She is so passionate about evaluating evidence, she created a website, as a site for teachers to learn more about it. The site will be up and running soon. “The idea behind the website is to talk about policies that are supposedly evidence based and to evaluate the evidence to see if it makes sense.”

Shah’s other research focuses on attention deficit hyperactivity disorder (ADHD) in kids and she’s also working with John Jonides and Patricia Reuter-Lorenz in a study with senior citizens and cognitive training. Collaborating with students and colleagues is a highlight for her and she feels lucky to be part of the Department of Psychology community. She also serves as the Director of the Accelerated Master’s Degree Program and Honor’s Program within the department.

She says, “I love interacting with undergrads. My freshman seminar is my favorite class to teach. I love freshman who are enthusiastic and excited about learning and are experiencing this wonderland at the university. I also really love the graduate students. Being in a place where there’s lots of smart, interesting, thoughtful and caring people makes me feel fortunate every day. I keep learning from other people here and people care about our mission.”

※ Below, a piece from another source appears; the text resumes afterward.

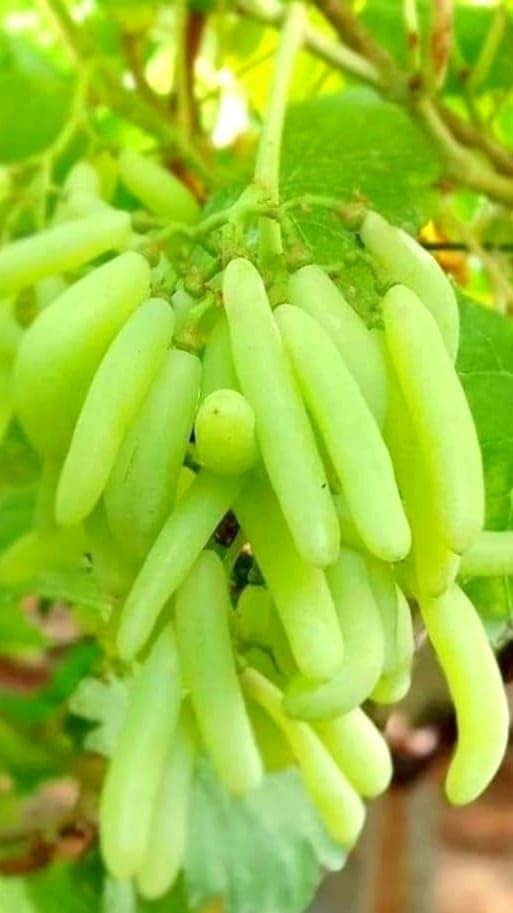 Image of GreenWorld Sweet Long Finger Seedless Green Grape Live Plant | Healthy Angoor Vine for Home Garden, Terrace, Balcony & Outdoor Growing | Green Beauty Variety | Pack of 1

Her advice to psychology students doing research is two-fold. “Follow what intrigues you: you should feel like you’re answering questions that are interesting to you. Second, you should also think very critically about what the implications of your research will be. It is the scientist’s responsibility to be thoughtful about making claims about policy and practice based on their research.  Going too far beyond the evidence, without providing appropriate caveats and context, is problematic,” she says.